| Task prompt |
For the entries that follow, restate word for word the line containing "The Leisure Arts", the line containing "Una cocina compacta", and every line that lies between them.

| Data supplied |
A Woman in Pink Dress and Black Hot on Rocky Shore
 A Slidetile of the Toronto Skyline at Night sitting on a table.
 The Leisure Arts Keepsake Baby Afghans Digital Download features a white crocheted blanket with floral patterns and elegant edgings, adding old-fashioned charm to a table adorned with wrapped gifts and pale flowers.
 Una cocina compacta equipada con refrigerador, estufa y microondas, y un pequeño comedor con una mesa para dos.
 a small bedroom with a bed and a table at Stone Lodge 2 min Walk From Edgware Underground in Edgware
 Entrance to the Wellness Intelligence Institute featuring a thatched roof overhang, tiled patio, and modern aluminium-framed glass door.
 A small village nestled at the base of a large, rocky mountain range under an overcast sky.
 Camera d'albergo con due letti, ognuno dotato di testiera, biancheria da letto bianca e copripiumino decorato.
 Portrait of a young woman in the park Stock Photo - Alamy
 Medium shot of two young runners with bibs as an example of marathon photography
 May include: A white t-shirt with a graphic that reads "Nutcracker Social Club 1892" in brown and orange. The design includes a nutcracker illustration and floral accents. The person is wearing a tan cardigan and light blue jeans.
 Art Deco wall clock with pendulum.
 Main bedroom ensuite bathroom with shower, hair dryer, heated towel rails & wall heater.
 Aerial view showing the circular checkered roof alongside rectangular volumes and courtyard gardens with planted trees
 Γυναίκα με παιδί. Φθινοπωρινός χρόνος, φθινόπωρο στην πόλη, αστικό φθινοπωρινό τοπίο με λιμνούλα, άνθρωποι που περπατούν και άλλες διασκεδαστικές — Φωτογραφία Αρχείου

| Response to this task |
 The Leisure Arts Keepsake Baby Afghans Digital Download features a white crocheted blanket with floral patterns and elegant edgings, adding old-fashioned charm to a table adorned with wrapped gifts and pale flowers.
 Una cocina compacta equipada con refrigerador, estufa y microondas, y un pequeño comedor con una mesa para dos.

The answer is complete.